Ya’ll!! The day is here and my exam is OVER. I passed!!!!! So, I’m blogging today as more of an update, and less as an informational post. I made notes all over my study guide as soon as I got home, so I’ll get you a more detailed post about how to study and prepare to take your NASM exam. But for now, I’m going to rest in knowing all of that hard work paid off. I have a massive headache and a venti dark roast sitting with me and I plan to hit the couch in a few to decompress.
I was so nervous about this exam. I hate tests. Hate them. I’m terrible at them. Terrible. I have failed big tests even when I feel over-prepared so to say I was psyching myself out is a major understatement. So, I aired on the side of caution and studied for six months like a maniac. Just to be safe. And even then, I doubted if I’d done enough.
The past two days the kids have been home for snow days so I was stressing even more. Those were my last two cramming days!! I decided God knew that and this didn’t take Him by surprise and I needed to chill the heck out. So this morning, I got up, to sleet and rain and snow, and a husband flying to California, and got myself together. I dropped my kids at a friends at 7am, which is true friendship I have to say. She delivered all 3 kids to school/my in laws house and should win an award. No doubt. I love my crew. So thankful for my friends that stand in my corner, even when it means I go into hiding for months studying for an exam. Anyway.
I got to the testing center, which I kid you not, was an airplane hanger…. you think I’m joking…
I got there early so I had a few minutes to review, then pray, and get texts from friends and family, and pray some more. I went inside and had to pee before my test. The bathroom was literally under a stair way, in the airplane hanger…with planes right outside the bathroom door. This did not do wonders for my nerves. I was alone in the office with the PSI office manager. Creeped me out a little. He was SO nice and put me at ease but still. It was just weird.
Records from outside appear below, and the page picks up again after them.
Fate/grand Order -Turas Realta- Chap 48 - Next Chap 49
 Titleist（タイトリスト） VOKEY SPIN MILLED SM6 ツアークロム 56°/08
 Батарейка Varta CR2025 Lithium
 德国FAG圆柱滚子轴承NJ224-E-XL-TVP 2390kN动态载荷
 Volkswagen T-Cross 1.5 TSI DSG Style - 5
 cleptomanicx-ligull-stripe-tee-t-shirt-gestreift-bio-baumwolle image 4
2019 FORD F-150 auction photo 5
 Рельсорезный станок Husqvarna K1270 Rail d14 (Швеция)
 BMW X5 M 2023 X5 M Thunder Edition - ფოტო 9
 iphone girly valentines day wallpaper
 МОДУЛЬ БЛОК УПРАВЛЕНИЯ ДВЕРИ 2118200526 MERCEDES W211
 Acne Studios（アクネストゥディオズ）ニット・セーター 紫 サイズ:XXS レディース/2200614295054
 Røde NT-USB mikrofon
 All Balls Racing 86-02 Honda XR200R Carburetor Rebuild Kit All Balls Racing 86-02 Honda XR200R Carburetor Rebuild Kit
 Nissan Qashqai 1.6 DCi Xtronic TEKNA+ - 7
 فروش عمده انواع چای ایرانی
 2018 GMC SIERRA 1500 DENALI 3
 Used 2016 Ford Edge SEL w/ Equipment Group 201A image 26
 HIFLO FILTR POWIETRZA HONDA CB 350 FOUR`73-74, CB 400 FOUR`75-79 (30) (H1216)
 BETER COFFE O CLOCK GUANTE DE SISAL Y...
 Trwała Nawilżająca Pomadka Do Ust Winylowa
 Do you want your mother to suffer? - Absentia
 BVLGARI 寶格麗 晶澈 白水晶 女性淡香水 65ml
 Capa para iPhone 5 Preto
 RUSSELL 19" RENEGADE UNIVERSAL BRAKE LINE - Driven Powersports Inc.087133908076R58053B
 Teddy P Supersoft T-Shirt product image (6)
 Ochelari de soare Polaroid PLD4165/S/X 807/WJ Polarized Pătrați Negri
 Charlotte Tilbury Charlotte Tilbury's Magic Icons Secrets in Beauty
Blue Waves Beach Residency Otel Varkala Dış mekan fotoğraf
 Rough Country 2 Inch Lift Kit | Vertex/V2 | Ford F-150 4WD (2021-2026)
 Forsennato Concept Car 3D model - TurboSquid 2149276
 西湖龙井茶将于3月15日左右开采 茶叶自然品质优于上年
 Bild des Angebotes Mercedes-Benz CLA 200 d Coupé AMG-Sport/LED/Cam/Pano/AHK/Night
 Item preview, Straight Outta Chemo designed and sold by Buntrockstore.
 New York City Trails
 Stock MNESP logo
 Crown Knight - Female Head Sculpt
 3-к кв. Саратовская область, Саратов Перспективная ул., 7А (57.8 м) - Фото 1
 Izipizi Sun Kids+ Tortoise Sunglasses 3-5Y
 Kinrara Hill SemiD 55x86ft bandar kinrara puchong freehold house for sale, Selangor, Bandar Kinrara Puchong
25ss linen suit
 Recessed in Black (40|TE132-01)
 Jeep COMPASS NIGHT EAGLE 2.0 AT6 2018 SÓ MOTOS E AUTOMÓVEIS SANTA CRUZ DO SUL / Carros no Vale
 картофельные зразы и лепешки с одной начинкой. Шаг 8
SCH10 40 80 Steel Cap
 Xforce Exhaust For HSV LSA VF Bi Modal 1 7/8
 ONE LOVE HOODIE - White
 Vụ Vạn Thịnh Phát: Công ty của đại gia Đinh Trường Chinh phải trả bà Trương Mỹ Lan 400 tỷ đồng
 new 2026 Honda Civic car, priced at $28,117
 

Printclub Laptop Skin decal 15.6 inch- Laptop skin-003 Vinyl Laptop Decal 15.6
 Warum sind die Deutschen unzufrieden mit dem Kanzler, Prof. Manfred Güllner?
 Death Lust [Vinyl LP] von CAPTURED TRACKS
I went in a small room with several computer stations and got started. I was so nervous I had to just stop and take a deep breath. My hands were shaking. I know. I’m 5. Anyway, I knew the answers to the first few questions easily so that helped put me at ease.
About 30 minutes into my test, the office manager had an urgent call he had to take….with his mom…about a burn on his foot. Yep. He sustained it while grilling out Friday night, but no worries, he was going to his mom’s house tomorrow for a big family dinner and she would look at it then. I know this because not only could I hear HIS voice, I could hear his mom’s on the other end of the phone. Fortunately, I live in noise and chaos so I’m used to having to think under pressure. He was seriously so sweet to me I couldn’t get mad. But it made me laugh a little.
I went through, answered what I knew, flagged what I didn’t. I went back and answered my flagged questions and hit end. So. Completely. Nerve racking. I was literally shaking like a leaf but I knew at some point I had to be done. So that was that. I went into the office and waited for burned foot guy to tell me if I passed or not. When congratulations came out of his mouth I could have hugged him. Seriously. But I couldn’t because I had to pee too bad(thanks to the birthing of the 3 babies). I asked to go to the bathroom again, took my life in my own hands, and went to the restroom in the hanger. I locked the door and jumped up and down. Seriously. It felt good. I came back in and he said congrats again and told me how hard that test is and that I should be really proud I passed it on my first attempt. Again, using self restraint I didn’t hug him, but we’re now bonded for life.
People have been asking me what I’m going to do now. First up, change my status on IG, FB and Twitter to a Certified NASM Personal Trainer ha! Priorities people. In all seriousness, I’m not sure. I know I want to do some in home training, but I also want to get some really solid experience. I have 3 kids and an already busy schedule so I’m not looking to jump into a full time job in a gym. I want to build relationships with people and encourage them and help them get healthy. How this will play out is yet to be decided. I’m going to watch for opportunities and enjoy learning more about this industry and profession. I’m already in love. I’m off to eat some soup on this cold and wet day. Take some tylenol and relax before getting the boys from school. Thanks for all the encouragement along the way and stay tuned, I’ll have a detailed “study guide” type post coming this next week. Happy Hump Day!!!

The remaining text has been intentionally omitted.